IFRS 17 dans assurance transport : Cas d’usage pour les réassureurs

L'IFRS 17 et ses implications pour le secteur de l'assurance transport : Un éclairage pour les réassureurs. Le paysage normatif de la production comptable continue de évoluer, et l'adoption de l'IFRS 17 représente une...

Photo IFRS 17
01 Comprendre le cadre

Repérer les obligations, les risques et les points d’attention métier.

02 Relier les équipes

Faire le lien entre conformité, opérations, data, SI et expérience client.

03 Passer à l’action

Identifier les chantiers où un renfort assurance peut sécuriser l’exécution.

L’IFRS 17 et ses implications pour le secteur de l’assurance transport : Un éclairage pour les réassureurs.

Le paysage normatif de la production comptable continue de évoluer, et l’adoption de l’IFRS 17 représente une transformation majeure pour le secteur de l’assurance. Si les premiers échos de cette norme se sont fait entendre dans des branches plus traditionnelles comme l’assurance vie ou les assurances de dommages généralistes, il est impératif pour les acteurs de l’assurance transport, et plus particulièrement pour les réassureurs opérant dans ce segment, de saisir pleinement les implications et d’anticiper les défis opérationnels et stratégiques qu’elle engendre. Ce texte se propose d’explorer les cas d’usage spécifiques de l’IFRS 17 dans l’assurance transport, en mettant l’accent sur les besoins et les problématiques des réassureurs. Nous allons décortiquer les aspects les plus saillants de cette norme et leurs répercussions concrètes, afin de vous fournir, chers experts, des clés de compréhension et des pistes de réflexion.
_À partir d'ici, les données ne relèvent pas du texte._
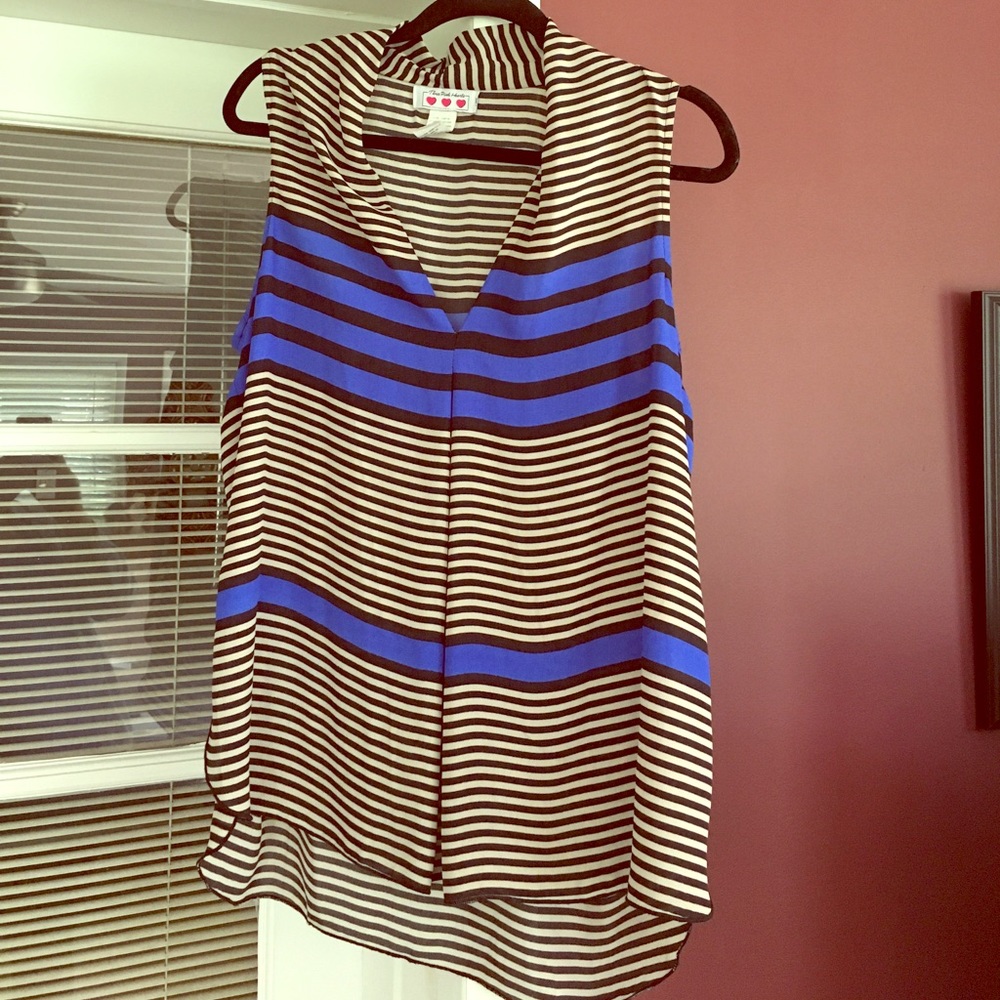 WORN ONCE striped top!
L’IFRS 17, Intitulé “Contrats d’assurance”, introduit une approche globale et prospective pour la comptabilisation des contrats d’assurance. Il rompt avec la logique de “provisionnement par sinistre” souvent prédominante pour les branches non-vie, pour adopter une vision du contrat sur toute sa durée de vie. Cette évolution vise à offrir une plus grande comparabilité entre les assureurs et à améliorer la transparence sur la valeur et la rentabilité des contrats. Pour l’assurance transport, un secteur intrinsèquement lié à la gestion des aléas sur une chaîne logistique souvent complexe et internationale, cette approche aura des répercussions significatives.

Le concept de la “mesure actuelle” (Current Measurement) : Une redéfinition des provisions.
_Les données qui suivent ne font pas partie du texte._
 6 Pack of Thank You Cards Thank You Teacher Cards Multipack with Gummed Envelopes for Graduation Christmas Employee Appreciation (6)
Au cœur de l’IFRS 17 réside le principe de la mesure actuelle, qui repose sur l’estimation des flux de trésorerie futurs attendus pour chaque contrat ou groupe de contrats. Cette mesure comprend trois éléments principaux : l’estimation des flux de trésorerie futurs liés aux obligations de couverture (CSM – Contractual Service Margin), la marge de risque (Risk Adjustment) et les prévisions d’autres éléments significatifs.

L’impact sur les provisions pour sinistres en assurance transport : Du passé au futur.

Traditionnellement, la comptabilisation des sinistres en assurance transport s’est largement appuyée sur des provisions pour sinistres (IBNR/IBNER) calculées sur la base de données historiques et d’une extrapolation des sinistres non encore déclarés ou entièrement réglés. L’IFRS 17 oblige à une refonte profonde de ces approches. Les assureurs seront davantage focalisés sur l’estimation des futurs paiements liés aux sinistres passés (claims incurred), mais aussi sur la couverture des sinistres à survenir dans le cadre du contrat. Pour les réassureurs, cela signifie une nouvelle manière d’appréhender les passifs qu’ils souscrivent, issus des portefeuilles d’assurance transport de leurs cédants.

Le passage du “provisionnement technique” au “contrat d’assurance” : Un changement de paradigme.

Alors que le provisionnement technique traditionnel se concentrait sur la constitution de fonds destinés à couvrir des sinistres connus ou probables, l’IFRS 17 considère chaque contrat d’assurance comme une unité de compte. Cela implique une désagrégation plus fine des risques et des flux, obligeant à une granularité accrue dans l’analyse des portefeuilles transport.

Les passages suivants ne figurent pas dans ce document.